For the relative DEM, this will probably not be needed.

You can view the DEM or orthomosaic in a GIS software - if it looks okay, you can move on to the next steps. If not, you might need to work on the camera calibration or orientation.

absolute geometry#

Now that you have a DEM/orthophotos in relative geometry, you can use a reference image to transform them to an absolute geometry, and compute the final DEM/orthophotos.

registering the image#

Note

This step requires a DEM to find control points and estimate the absolute orientation of the images. In the examples below, I assume that you have named this file DEM.tif.

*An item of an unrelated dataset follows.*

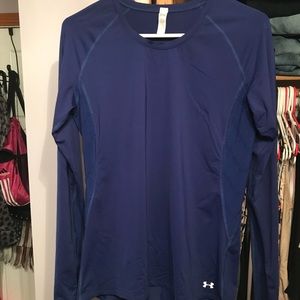 Under Armor Workout Shirt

The main function to use here is spymicmac.register.register_relative() (or the command-line tool: register_relative):

register_relative MEC-Malt DEM.tif

register.register_relative(
    'MEC-Relative',
    'DEM.tif',
)

Note

If you have a file containing the image footprints, use the -footprints flag; otherwise, they will automatically be loaded from Footprints.gpkg (if it exists), or they will be downloaded from USGS Earth Explorer:

register_relative MEC-Malt DEM.tif -footprints Footprints.gpkg

register.register_relative(
    'MEC-Relative',
    'DEM.tif',
    footprints='Footprints.gpkg'
)

The file should contain a polygon for each image, with the name of the original image (minus the file extension) included in an ID column.

dem and orthomosaic#

After the absolute orientation has been estimated by registering the image, run mm3d Malt again with this new orientation to extract the final DEM and orthophoto:

mm3d Malt Ortho "OIS.*tif" TerrainFinal DirMEC=MEC-Malt NbVI=2 ZoomF=1 DefCor=0 CostTrans=4 EZA=1 SzW=3 Regul=0.1

from spymicmac import micmac
micmac.malt('OIS.*tif', 'TerrainFinal',
    zoomf=1,
    dirmec='MEC-Malt',
    cost_trans=4,
    szw=3,
    regul=0.1
)

To generate the orthomosaic, run the following command (or, using python):

mm3d Tawny Ortho-MEC-Malt Out=Orthophotomosaic.tif RadiomEgal=0

from spymicmac import micmac
micmac.tawny('MEC-Relative', radiomegal=False)

post-processing#

As a final step, run spymicmac.micmac.post_process() (post_process_micmac) to apply the AutoMask to the DEM and Orthomosaic:

post_process_micmac epsg_code desired_prefix MEC-Malt --do_ortho

from spymicmac import micmac
micmac.post_process(epsg_code, desired_prefix, 'MEC-Malt', do_ortho=True)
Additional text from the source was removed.